As film legends, Jack Nicholson, Warren Beatty and Woody Allen have earned certain creative freedoms:

the freedom to greenlight their own projects, the freedom of script approval. . . and the freedom to act like jerks — onscreen, that is.

Nicholson’s obsessive-compulsive crank in “As Good As It Gets” spouts homophobic, racist and anti-pooch slurs. In “Deconstructing Harry,” Allen torments his ex-lovers, screws-over friends and relatives, and picks up prostitutes on the side. And coming in March, “Bulworth” stars writer-director Warren Beatty as a Democratic senator whose campaign speeches insult Jews, African-Americans and other Friends of Bill.

You may be wondering why these venerable elder statesmen (Beatty and Nicholson are 60, Allen is 62) are suddenly challenging audiences to hate them. Because they can, says Matthew McKay, the co-author of “Being a Man: A Guide to the New Masculinity.”

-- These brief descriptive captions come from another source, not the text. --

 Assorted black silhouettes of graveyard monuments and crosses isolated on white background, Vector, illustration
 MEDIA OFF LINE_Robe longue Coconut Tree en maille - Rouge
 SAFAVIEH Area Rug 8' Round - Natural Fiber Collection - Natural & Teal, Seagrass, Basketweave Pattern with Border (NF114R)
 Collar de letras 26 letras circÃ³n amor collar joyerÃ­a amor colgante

McKay points out that social norms often cause men to suppress their racist, hedonistic and abusive instincts to avoid being disliked. But, the author explains, “when people become powerful enough, established enough and old enough, these inhibitions begin to drop away, allowing the narcissistic, self-involved parts of their personalities to be expressed.”

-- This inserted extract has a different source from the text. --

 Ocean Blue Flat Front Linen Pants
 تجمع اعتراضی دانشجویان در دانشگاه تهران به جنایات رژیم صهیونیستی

Carl Jung would have understood. According to McKay, the Swiss psychiatrist believed that many people are attracted to the rage, bigotry and other shadowy impulses that lurk within them. Because their careers are so secure, these established stars are willing to risk letting the darkness shine forth onscreen. “It’s like nobody can hurt them anymore,” says McKay. “They think, ‘ I’ve got my audience. I have a respected body of work.'”

While society trains people to dislike these nasty traits in their friends and neighbors, apparently it can’t stop them from loving the same qualities in movie characters. “As Good As It Gets” has earned a substantial $85.6 million so far. “Deconstructing Harry” has pulled in $9.6 million in limited release, a respectable intake compared with the final tallies of Allen’s other recent films.

Some believe audiences accept these antisocial performances because the veteran actors would never act that way in real life… would they? “We hope that’s not who they really are,” says Adrienne Mendell, author of “How Men Think: The Seven Essential Rules for Making It in a Man’s World.” “But if it is, we don’t care, because they’re so good at what they do.”